More than anything, I want the world to know that my work comes from a genuine place. I’m not interested in presenting polished versions of people or pretending to have everything figured out. I’m much more interested in vulnerability, contradiction, humor, discomfort, and the emotional messiness that makes people human.

If you had a friend visiting you, what are some of the local spots you’d want to take them around to?
Monday
Go to Dupars for pancakes
Walk down melrose avenue
Shop (mostly thrift)
Get a quick piercing at body elelctric
Visit the Cat Cafe
Dinner at Jon and Vinnys
Tuesday
Breakfast at Beechwood Cafe
Walk the stairs
Go home and change for a nightout
Tacos at pinches
Trivia night at Barney’s Beanery
Wednesday
Arts Deli
Drive out the Angeles forest
Hike
Grab boba on the way home
Order prince street pizza
Go to the comedy store
Thursday
Drive out to Venice
Grab breakfast tacos
Walk the venice strip
Stop at grocery store for some snacks
Drive out to Lechuza beach
Lie in the sun for a few hours with a book
Drive home
Pass out in front of the tv
Friday
Drive downtown
Get food at grand central
Go to the Broad
Get a tattoo
Go shopping in Santee Alley
Dinner at Bestia
Saturday
Goodwill and Savers Extravaganza
Get drive thru food in between
Sunday
Sleep in
Walk the hollywood resevoir
Grab fruit at the fruit stand
Go see a horror movie

The Shoutout series is all about recognizing that our success and where we are in life is at least somewhat thanks to the efforts, support, mentorship, love and encouragement of others. So is there someone that you want to dedicate your shoutout to?

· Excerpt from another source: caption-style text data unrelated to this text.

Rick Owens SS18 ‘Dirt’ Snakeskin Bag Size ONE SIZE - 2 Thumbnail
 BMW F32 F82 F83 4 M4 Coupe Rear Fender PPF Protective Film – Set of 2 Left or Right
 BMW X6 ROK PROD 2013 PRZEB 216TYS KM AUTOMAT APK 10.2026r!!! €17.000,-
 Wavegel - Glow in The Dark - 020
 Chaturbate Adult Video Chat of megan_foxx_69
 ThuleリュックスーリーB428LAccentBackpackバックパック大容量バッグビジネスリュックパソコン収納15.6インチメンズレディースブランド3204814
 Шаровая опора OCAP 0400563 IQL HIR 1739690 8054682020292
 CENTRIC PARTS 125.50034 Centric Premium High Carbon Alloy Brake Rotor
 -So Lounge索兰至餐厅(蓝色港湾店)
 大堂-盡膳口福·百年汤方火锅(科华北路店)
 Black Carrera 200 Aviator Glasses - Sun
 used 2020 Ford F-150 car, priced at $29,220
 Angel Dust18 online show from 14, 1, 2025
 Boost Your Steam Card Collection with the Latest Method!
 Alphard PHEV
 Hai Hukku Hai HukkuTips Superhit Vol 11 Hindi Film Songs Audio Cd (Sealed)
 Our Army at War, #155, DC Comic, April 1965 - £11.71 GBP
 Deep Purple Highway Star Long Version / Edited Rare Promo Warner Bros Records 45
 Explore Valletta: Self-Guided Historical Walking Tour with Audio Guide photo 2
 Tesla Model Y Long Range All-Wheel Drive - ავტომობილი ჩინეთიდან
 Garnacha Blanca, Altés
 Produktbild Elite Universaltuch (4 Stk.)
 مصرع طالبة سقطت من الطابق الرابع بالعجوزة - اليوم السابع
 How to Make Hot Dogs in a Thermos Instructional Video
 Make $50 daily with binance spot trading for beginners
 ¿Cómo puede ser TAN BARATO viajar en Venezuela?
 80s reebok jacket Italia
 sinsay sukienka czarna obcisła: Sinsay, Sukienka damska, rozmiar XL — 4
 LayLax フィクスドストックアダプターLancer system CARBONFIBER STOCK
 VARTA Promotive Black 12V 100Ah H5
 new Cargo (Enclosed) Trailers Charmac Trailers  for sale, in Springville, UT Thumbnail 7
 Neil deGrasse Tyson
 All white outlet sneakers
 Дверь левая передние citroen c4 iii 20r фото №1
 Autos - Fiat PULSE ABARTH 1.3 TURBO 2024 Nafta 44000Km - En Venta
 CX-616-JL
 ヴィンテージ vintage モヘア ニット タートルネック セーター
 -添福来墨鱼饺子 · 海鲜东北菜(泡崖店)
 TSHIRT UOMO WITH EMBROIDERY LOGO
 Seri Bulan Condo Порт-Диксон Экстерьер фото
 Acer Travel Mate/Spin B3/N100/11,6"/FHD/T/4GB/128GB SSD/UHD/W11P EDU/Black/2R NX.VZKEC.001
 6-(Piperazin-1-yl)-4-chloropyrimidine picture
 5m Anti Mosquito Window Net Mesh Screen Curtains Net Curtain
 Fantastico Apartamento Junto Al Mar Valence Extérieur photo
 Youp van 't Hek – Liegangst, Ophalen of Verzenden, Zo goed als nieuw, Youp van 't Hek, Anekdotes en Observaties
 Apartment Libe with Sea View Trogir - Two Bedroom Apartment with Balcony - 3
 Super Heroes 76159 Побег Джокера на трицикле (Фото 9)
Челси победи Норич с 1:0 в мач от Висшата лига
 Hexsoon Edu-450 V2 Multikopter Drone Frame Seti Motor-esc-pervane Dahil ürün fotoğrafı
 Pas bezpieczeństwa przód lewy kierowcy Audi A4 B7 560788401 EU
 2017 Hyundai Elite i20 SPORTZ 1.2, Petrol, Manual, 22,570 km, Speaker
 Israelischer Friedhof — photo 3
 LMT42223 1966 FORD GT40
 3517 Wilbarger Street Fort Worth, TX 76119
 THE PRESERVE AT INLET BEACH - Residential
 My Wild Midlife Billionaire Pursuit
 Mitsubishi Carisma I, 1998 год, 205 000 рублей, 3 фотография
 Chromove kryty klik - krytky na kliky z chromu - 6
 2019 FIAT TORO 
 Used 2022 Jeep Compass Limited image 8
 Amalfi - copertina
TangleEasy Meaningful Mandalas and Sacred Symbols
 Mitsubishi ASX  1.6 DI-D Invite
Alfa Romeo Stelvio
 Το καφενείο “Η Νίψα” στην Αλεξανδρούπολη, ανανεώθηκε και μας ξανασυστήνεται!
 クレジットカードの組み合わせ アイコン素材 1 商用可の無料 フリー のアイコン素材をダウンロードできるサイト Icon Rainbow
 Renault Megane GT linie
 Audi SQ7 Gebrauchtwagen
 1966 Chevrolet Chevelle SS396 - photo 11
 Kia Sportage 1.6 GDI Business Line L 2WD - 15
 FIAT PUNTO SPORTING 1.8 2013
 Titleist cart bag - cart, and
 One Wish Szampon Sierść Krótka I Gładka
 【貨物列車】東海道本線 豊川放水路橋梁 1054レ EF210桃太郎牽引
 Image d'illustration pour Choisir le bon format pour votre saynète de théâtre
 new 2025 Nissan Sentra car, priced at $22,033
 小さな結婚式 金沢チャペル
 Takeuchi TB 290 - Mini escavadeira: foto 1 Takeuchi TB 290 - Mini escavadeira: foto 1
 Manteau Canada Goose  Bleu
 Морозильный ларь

Some people say that artists are solitary creatures, sitting alone in dark studios, figuring out how to communicate with the outside world through our work, since we cannot do it any other way. But alas, they are mistaken. Without the excitement and inspiration that comes from our peers, teachers, and mentors, our worlds become small, and creations become repetitive. Support, encouragement, and the free flow of ideas with other like-minded souls are truly what have propped me up along the way. I would like to dedicate this shoutout to my incredible mentor, Tom Lawson, a talented painter and educator who not only encouraged my ideas but pushed them even further than I had planned for them to go. I believe every artist needs a sweet, Scottish sounding board, so I am forever grateful for mine. Thank you for everything Tom!